The screening is delayed for half an hour by a locustlike horde of photographers, who are jammed into the lower right-hand corner of the vast room, which is why we always choose the upper left. They are all trying to repair the tragic shortage of photos of Robert Redford. Eventually Bob climbs onstage and observes that he is here because he did not get invited to another event on Thursday night. That would be the Inaugural Gala, ho, ho.

The movie is ... but that can wait until I file a roundup of several of the first movies I have seen. I am too agog just to be here. My wife, Chaz, has sent me an item from the New York Post's Page Six. Just think how many reporter-hours went into compiling the following information:

"At the Motorola Lodge, celebs get free phones, Escada dresses, Kiehl's products and Mercedes loaners. On Main Street, Hewlett-Packard is giving out iPods, cameras, computers and printers. Nearby is the Levi's ranch, where jeans, Xboxes and Ray-Bans are doled out. Seven jeans, Swarovski crystal and Cake makeup have a celebrity dressing suite at the Goldener Hirsh Inn.

"The Park City satellite of Marquee will be pouring Crown Royale for celebs, while Fred Segal has set up a spa at the Village at the Lift right next to the Yahoo! Cafe and the Timberland suite. One lucky winner at the Hewlett-Packard & Entertainment Weekly party tomorrow night will go home with a $25,000 gift bag, including an all-expenses-paid trip to South Beach, Adam + Eve intimate apparel, AG Jeans, a spa weekend in Arizona and goodies from MAC Cosmetics."

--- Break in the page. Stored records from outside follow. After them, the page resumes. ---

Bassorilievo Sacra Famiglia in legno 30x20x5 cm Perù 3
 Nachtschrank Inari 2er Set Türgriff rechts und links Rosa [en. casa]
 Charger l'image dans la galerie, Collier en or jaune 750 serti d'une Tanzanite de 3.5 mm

Me again. News items like this make my heart glow. I remember when Sundance was so scrawny, it wasn't even called Sundance. It was called the United States Film and Video Festival, and so few people attended that the awards banquet was held in a meeting room of the Holiday Inn. Now there are 37,500 people here, and one of us is going home with a $25,000 gift bag.

Roger Ebert

Roger Ebert was the film critic of the Chicago Sun-Times from 1967 until his death in 2013. In 1975, he won the Pulitzer Prize for distinguished criticism.